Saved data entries
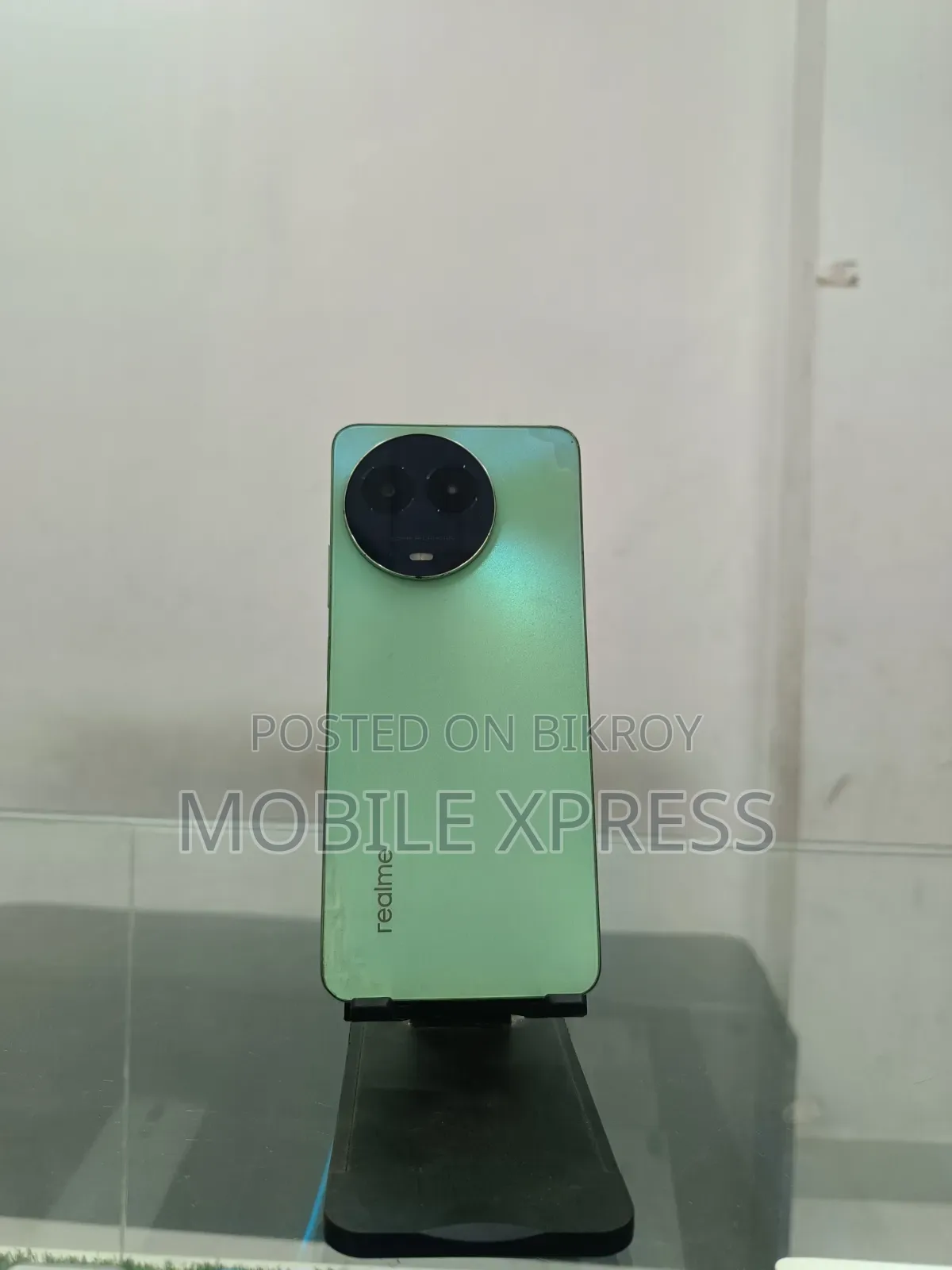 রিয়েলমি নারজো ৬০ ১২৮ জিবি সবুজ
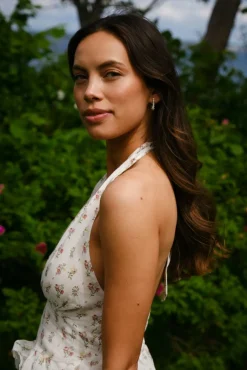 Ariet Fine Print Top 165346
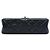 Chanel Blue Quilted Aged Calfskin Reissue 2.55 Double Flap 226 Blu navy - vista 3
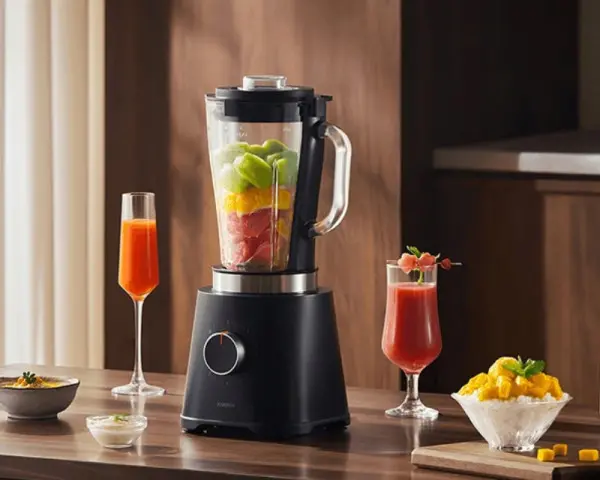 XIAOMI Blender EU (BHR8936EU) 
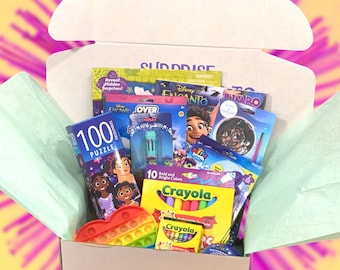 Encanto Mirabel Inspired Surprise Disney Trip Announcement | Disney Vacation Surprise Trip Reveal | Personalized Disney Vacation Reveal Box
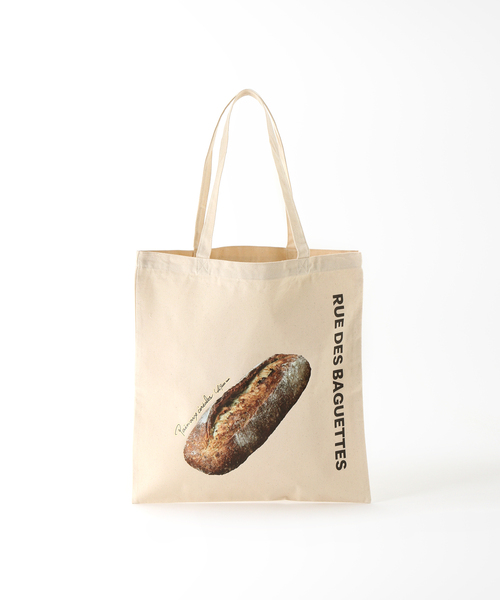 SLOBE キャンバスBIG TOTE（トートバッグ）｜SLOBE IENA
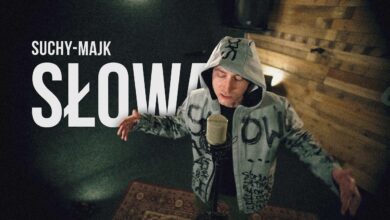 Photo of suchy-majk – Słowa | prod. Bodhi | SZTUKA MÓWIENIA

WHAT YOU SHOULD DO: Final stretch of the data: repeat exactly each line from the one containing "XIAOMI Blender EU (BHR8936EU)" through the last, and omit all pictures.

TASK RESULT:
 XIAOMI Blender EU (BHR8936EU) 
 Encanto Mirabel Inspired Surprise Disney Trip Announcement | Disney Vacation Surprise Trip Reveal | Personalized Disney Vacation Reveal Box
 SLOBE キャンバスBIG TOTE（トートバッグ）｜SLOBE IENA
 Photo of suchy-majk – Słowa | prod. Bodhi | SZTUKA MÓWIENIA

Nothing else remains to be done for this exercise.